Редкое письмо мужчины к женщине содержало неформальное обращение или тем более домашнее прозвание, прозвище. Поэтому даже слова «душа моя, Андреевна» вместо общепринятого «жене моей поклон»[426] (ср. в «Сказании о молодце и девице»: «Душечка ты, прекрасная девица!») представляются редким свидетельством ласки и теплоты. На этом фоне трогательным выглядит обращение некоего Ф. Д. Толбузина к жене: «Другу моему сердечному Фекле Дмитревне с любовью поклон!» Наконец, у Аввакума в его письмах единомышленницам можно встретить еще более мягкое и сердечное обхождение с адресатками: «Свет моя, голубка!», «Друг мой сердечной!», сравнение их с «ластовицами сладкоголосыми», «свещниками» (светильниками. — Н. П.) души.[427]
Женщины же — натуры куда более эмоциональные, «ориентированные» на дом, семью, близких и не имевшие к тому же никаких собственных «служебных» интересов, писали в своих «епистолиях» больше о личном, которое их волновало и казалось значимым и важным.[428] Даже благопожелания в женских письмах разнообразнее: «Желаю тебе с детьми вашими здравия, долгоденствия и радостных утех и всех благ времянных и вечных… (курсивом выделены нетипичные слова. — Н. П.)». Эмоциональность женских писем точно подметил протопоп Аввакум, бывший сам человеком отнюдь не бесчувственным. О посланиях Ф. П. Морозовой он сказал, что хранит их и перечитывает не по одному разу: «…прочту да поплачу, да в щелку запехаю». Над письмами мужчин того времени вряд ли можно было «поплакать».[429]
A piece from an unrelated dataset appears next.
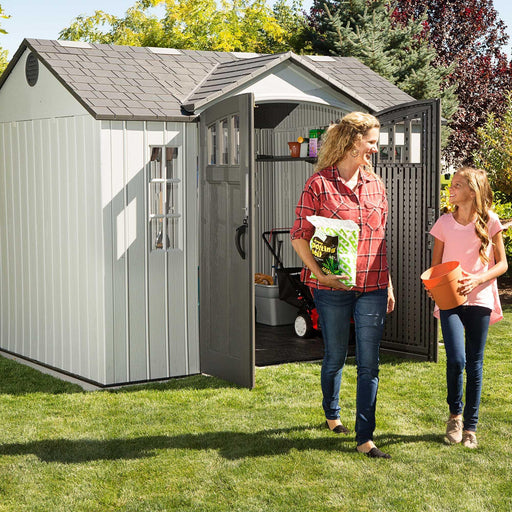 A woman and a girl standing in front of a Lifetime 10 Ft. X 8 Ft. Outdoor Storage Shed - 60243.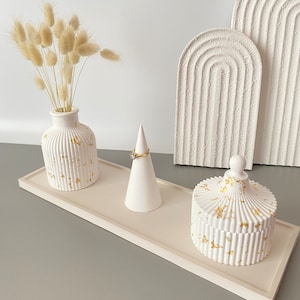 May include: White ceramic tray with a white ceramic vase with gold flecks, a white ceramic ring holder, and a white ceramic lidded box with gold flecks. The tray is on a gray surface.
В письмах женщин отражалась буквально вся их жизнь. Помимо хозяйственных дел, о которых уже говорилось выше, они писали о «знакомцах старых» и родственниках («и про меня, и про невеску, и про дети»), высказывали пожелания «поопасти свое здоровье», мягко упрекали («Никита да Илья Полозовы говорили мне, что ты, мой братец, был к ним немилостив, и хотя они за скудостью своею на срок не поспеют, ты, братец, прегрешения им того не поставь и милостию своею их вину покрой»). Во многих письмах явственно ощутим мотив обеспокоенности здоровьем близких («слух до нас дошел, что мало домогаешь, и мы о том сокрушаемся»[430]).